My writing process over the last few days has gone something like this:

Freelance Assignment > 1st Draft Book Five > Blog Post > Revisions on Contamination > Freelance Assignment > 1st Draft Book Five > Freelance Assignment >Revisions on Contamination > Freelance Assignment > Rowan blog post > this blog post.

That’s a lot of switching gears back and forth. I haven’t really been approaching any of it with any sort of real plan. I try to put the freelance job I’m working on ahead of everything else because it has a deadline, but in between writing 13,500 words on that, I’ve also written over 5,000 words on Book Five, and spent a few hours on revisions, in addition to blog posts. It’s a pretty high volume of work; over 20,000 words in three days if you count all the different projects.

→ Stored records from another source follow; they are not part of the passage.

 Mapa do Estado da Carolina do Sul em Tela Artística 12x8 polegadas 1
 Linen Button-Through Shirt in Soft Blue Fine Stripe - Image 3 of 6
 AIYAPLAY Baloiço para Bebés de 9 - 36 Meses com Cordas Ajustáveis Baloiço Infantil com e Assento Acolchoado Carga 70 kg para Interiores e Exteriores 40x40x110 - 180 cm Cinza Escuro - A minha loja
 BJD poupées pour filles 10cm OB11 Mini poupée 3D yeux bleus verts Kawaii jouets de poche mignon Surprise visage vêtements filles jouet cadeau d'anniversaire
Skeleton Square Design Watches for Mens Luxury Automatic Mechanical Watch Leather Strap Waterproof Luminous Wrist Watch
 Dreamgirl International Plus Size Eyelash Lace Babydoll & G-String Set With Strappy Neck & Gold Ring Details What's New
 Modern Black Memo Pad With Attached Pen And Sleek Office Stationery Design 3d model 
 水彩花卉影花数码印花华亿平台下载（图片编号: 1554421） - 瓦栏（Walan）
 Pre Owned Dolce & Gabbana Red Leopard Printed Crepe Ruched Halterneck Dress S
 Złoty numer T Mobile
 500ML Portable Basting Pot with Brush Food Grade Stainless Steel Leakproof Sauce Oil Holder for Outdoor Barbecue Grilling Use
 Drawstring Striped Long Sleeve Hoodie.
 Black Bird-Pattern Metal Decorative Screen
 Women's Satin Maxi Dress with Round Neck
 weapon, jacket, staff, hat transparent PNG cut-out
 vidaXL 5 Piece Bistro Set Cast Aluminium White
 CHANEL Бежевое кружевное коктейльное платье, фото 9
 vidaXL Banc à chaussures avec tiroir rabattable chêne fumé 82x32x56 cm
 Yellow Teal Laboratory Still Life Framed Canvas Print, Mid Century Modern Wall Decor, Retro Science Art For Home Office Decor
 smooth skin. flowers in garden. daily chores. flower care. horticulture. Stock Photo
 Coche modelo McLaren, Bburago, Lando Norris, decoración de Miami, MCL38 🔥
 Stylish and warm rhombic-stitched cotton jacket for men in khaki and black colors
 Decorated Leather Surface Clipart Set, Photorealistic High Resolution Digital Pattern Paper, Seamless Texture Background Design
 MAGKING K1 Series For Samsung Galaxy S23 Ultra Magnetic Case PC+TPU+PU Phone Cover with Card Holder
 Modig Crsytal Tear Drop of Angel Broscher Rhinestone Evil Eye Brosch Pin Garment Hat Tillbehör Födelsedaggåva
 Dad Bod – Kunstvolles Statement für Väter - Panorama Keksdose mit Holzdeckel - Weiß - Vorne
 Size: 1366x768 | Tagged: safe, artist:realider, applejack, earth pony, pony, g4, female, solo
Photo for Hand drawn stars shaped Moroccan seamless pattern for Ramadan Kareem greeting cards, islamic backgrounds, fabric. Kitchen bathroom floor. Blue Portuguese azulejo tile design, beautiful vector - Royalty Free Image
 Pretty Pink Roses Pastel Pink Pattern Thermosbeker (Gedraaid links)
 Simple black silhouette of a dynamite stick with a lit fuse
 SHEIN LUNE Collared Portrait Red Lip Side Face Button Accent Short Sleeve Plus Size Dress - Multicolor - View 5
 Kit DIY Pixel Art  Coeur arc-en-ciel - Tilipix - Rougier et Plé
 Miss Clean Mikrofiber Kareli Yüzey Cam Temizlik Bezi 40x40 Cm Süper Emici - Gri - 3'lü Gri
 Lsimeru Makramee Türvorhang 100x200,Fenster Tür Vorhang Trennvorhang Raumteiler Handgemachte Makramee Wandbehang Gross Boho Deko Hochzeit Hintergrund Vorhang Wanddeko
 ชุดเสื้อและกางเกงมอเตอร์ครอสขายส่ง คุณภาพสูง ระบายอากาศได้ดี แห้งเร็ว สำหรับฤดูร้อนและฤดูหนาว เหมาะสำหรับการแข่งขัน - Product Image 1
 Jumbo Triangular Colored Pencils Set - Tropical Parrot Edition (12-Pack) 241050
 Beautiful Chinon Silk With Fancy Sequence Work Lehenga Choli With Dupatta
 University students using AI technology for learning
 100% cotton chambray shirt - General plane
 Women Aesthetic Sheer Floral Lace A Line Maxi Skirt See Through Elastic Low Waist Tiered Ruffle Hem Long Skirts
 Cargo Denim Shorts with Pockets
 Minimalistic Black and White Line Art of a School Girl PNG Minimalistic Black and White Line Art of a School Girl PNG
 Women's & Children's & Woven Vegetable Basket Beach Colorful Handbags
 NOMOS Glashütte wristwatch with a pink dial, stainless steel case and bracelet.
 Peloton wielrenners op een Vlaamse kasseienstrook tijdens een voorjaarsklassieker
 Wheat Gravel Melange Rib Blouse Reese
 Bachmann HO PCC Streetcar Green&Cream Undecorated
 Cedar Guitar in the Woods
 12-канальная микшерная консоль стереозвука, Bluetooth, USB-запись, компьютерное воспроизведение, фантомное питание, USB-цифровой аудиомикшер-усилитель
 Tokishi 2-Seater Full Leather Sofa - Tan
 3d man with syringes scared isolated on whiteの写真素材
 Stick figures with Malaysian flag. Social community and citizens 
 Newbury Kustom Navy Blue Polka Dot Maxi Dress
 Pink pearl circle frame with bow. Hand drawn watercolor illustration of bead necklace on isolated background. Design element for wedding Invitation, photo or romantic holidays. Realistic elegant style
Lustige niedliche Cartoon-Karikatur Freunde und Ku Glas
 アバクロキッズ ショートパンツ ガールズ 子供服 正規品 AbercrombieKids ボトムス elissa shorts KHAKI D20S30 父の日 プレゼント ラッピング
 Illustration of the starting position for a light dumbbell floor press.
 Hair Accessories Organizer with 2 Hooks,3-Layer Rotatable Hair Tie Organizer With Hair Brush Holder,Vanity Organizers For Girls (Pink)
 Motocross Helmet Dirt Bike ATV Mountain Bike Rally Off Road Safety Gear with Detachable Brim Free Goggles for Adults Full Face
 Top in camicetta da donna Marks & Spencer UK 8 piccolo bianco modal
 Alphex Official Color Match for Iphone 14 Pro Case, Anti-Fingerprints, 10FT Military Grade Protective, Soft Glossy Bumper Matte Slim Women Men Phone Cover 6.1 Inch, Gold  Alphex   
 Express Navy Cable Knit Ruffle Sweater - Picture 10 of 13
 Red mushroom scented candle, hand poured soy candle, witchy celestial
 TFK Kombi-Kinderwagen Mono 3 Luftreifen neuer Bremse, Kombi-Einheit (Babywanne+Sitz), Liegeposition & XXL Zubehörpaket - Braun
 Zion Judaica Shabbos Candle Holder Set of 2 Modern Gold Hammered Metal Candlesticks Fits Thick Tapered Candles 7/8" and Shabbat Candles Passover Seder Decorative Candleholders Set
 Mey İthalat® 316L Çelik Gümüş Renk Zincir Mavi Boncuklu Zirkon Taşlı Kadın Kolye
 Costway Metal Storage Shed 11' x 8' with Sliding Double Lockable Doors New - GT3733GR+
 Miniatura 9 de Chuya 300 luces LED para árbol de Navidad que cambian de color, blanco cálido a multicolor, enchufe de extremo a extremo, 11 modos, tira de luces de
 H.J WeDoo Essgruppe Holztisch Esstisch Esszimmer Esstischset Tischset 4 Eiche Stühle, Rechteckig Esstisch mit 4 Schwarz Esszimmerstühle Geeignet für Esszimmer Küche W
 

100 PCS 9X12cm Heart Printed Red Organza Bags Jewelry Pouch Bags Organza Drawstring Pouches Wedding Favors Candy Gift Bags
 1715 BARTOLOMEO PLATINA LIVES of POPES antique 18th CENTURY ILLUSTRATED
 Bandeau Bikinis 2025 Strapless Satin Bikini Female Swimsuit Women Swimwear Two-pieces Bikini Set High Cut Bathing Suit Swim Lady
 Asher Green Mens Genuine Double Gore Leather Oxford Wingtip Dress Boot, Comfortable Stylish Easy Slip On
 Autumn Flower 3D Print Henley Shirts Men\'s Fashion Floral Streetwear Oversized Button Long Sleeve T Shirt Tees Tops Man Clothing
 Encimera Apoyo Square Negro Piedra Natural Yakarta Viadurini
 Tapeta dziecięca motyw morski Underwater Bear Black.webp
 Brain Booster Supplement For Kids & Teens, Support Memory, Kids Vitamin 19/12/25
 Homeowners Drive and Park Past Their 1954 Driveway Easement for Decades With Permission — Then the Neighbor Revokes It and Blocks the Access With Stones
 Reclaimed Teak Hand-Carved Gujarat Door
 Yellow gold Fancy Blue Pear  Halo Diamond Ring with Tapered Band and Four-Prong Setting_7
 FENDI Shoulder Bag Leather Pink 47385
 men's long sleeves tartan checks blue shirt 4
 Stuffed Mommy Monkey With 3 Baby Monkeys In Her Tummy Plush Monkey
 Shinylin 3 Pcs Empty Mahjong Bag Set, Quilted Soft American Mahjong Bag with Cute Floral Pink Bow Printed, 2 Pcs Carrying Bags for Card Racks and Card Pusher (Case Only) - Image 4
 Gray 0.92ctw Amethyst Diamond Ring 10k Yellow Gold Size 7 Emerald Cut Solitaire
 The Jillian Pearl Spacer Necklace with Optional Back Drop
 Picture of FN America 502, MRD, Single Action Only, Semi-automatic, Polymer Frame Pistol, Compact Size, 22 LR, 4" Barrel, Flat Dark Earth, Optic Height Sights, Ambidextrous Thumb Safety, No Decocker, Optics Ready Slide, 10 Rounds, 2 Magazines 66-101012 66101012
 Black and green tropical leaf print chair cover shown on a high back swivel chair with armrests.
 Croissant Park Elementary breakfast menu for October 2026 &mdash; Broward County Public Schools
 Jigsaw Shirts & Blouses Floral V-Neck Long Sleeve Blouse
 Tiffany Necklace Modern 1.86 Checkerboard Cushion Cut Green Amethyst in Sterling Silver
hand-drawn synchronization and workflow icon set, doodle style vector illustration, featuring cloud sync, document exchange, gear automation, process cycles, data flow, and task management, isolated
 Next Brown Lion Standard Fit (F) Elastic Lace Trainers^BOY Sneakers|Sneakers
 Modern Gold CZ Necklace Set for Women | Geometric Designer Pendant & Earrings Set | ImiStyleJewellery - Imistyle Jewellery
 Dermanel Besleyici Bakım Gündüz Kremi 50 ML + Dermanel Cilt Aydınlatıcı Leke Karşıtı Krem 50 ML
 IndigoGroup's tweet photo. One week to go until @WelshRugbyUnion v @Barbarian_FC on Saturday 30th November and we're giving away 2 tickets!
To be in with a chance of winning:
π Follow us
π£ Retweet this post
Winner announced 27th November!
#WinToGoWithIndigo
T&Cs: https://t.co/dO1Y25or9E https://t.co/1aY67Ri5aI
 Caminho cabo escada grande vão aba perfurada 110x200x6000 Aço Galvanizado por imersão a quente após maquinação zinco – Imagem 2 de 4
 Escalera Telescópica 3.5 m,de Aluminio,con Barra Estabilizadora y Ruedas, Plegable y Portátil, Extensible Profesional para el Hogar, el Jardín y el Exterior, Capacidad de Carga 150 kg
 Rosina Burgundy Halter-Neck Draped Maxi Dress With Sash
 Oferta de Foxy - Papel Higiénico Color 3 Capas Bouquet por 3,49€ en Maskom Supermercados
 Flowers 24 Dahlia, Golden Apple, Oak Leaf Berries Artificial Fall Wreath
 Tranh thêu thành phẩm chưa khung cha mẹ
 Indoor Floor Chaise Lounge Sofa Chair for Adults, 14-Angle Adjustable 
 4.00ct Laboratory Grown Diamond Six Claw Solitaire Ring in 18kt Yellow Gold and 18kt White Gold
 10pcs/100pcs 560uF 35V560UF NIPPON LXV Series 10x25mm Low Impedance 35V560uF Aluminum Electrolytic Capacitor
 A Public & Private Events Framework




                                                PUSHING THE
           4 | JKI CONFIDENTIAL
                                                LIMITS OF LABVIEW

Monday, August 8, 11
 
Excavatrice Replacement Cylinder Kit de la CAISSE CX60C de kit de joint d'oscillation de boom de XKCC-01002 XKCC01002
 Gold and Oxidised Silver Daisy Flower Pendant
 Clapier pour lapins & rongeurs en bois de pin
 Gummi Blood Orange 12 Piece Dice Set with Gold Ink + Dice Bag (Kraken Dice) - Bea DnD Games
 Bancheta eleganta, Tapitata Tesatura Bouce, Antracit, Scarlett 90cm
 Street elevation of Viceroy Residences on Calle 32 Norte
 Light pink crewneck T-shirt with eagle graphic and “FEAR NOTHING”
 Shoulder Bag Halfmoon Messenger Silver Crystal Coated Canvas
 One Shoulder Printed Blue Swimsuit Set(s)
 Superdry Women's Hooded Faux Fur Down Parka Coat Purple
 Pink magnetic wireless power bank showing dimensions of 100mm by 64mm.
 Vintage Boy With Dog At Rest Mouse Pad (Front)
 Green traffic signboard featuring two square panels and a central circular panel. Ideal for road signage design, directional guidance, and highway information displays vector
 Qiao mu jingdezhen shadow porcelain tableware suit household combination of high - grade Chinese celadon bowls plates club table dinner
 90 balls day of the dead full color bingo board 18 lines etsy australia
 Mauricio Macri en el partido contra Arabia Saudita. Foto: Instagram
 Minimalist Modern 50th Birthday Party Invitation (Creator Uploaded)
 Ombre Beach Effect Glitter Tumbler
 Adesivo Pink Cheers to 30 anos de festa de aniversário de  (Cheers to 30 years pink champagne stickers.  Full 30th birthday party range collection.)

I’m feeling a bit scattered. A bit out of sorts. And stressed because, well, I don’t have a full time job anymore.

Part of me says I should pick one project and stick with it, but I also know that sometimes I need to take breaks. I simply can’t work steadily on 13,500 words of this freelance job without taking a break and doing something where I get to flex my creativity more. My brain gets fried, and then I need to switch to something else.

Though the good news is that the freelance job is almost done (and I have feelers out for some more), and I’m pretty happy with the setup I’m starting in Book Five. I can’t say much about what’s going on in it yet, but I’m very happy with it.

So hopefully I’ll get my brain sorted out again soon, and be able to settle into a more focused routine. Either way, expect to see those progress bars on the side continue to grow. I have every intention of finishing both this revision and this novel draft on time. I’m not going to let a little thing like my brain stop me.